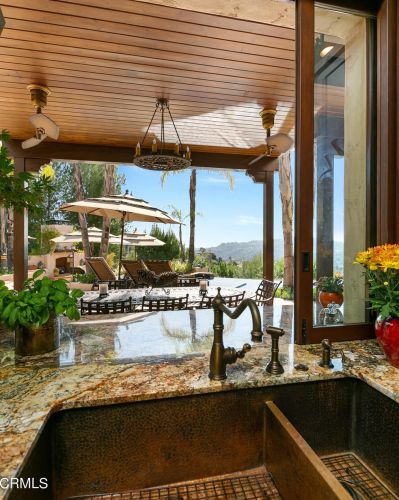 5320 Ivafern Ln, La Canada CA  91011-2811 exterior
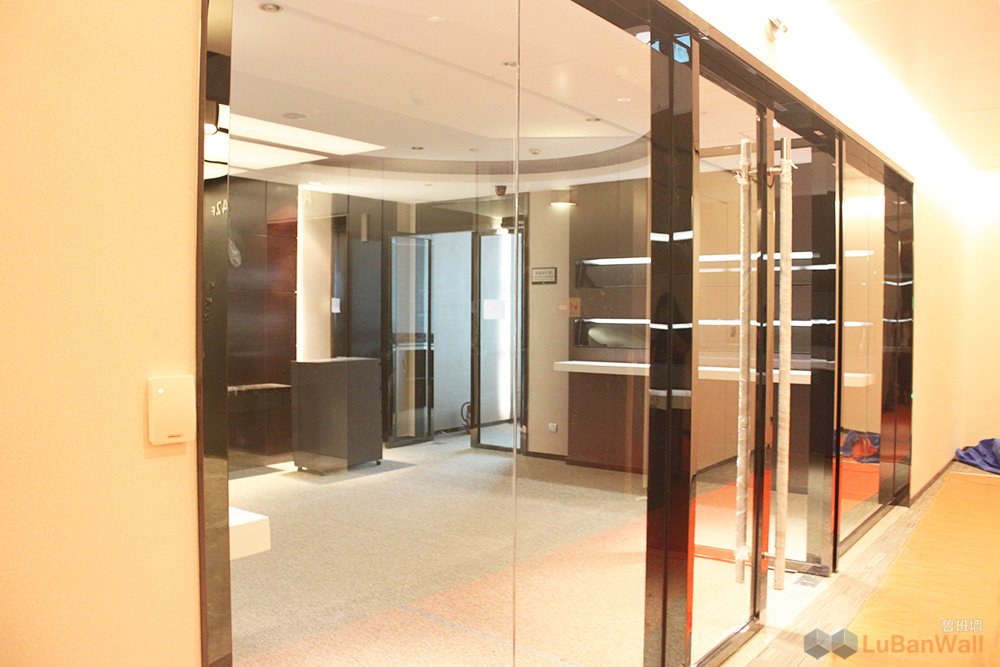 会议室玻璃门如何隔音-简合咨询-高隔断-高隔间-广州简格高隔间，高隔断墙厂家网(图1)
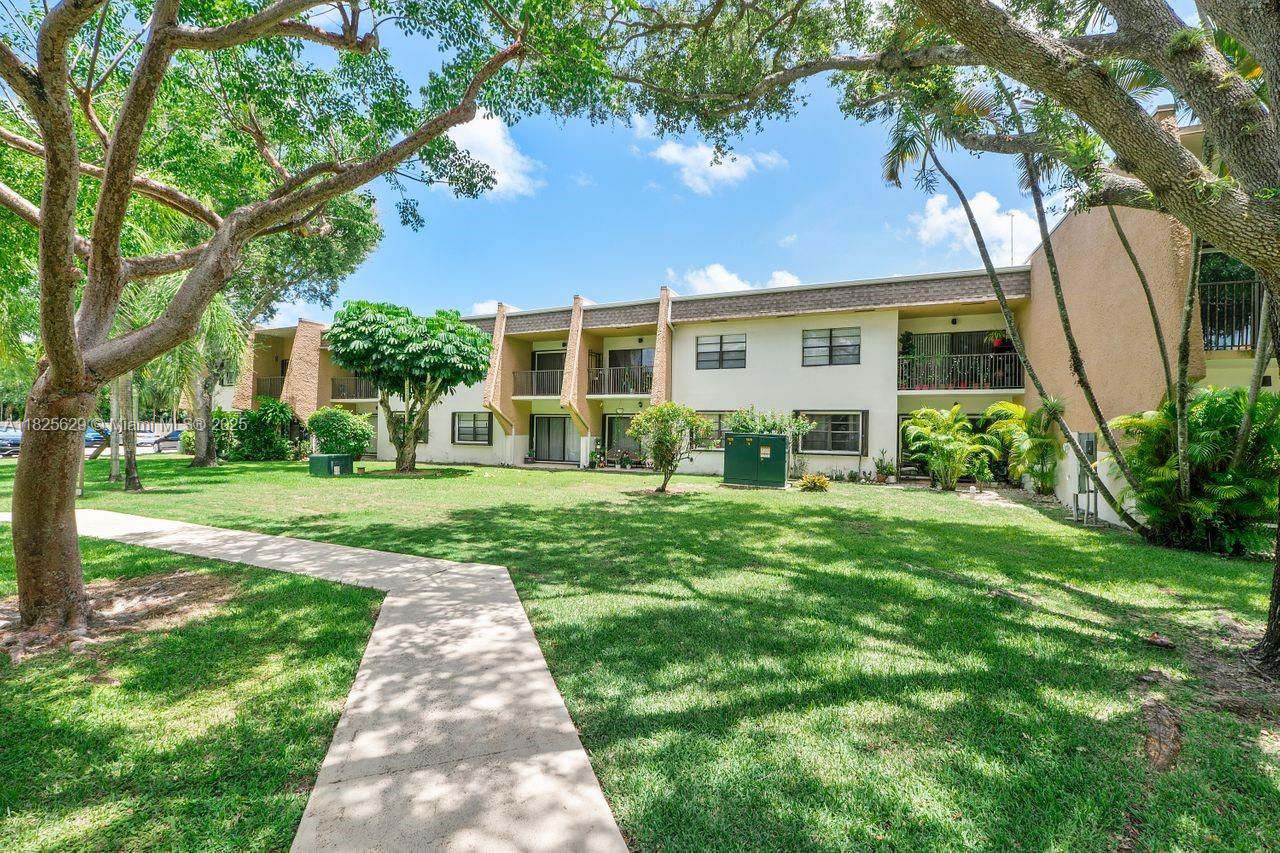 8261 SW 128th St # 215, Pinecrest FL 33156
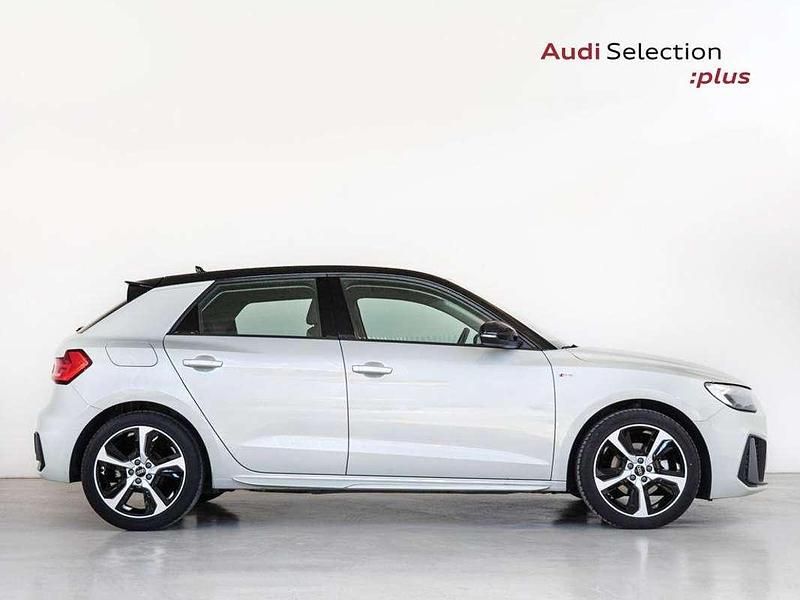 Usado Audi A1 Sportback 116 CV (85 kW) 2025 Plateado Utilitario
§ §
**WORK REQUIRED**. Return the listing verbatim; pictures are not part of the copy.

**RESPONSE FOR THIS EXERCISE**.
 5320 Ivafern Ln, La Canada CA  91011-2811 exterior
 会议室玻璃门如何隔音-简合咨询-高隔断-高隔间-广州简格高隔间，高隔断墙厂家网(图1)
 8261 SW 128th St # 215, Pinecrest FL 33156
 Usado Audi A1 Sportback 116 CV (85 kW) 2025 Plateado Utilitario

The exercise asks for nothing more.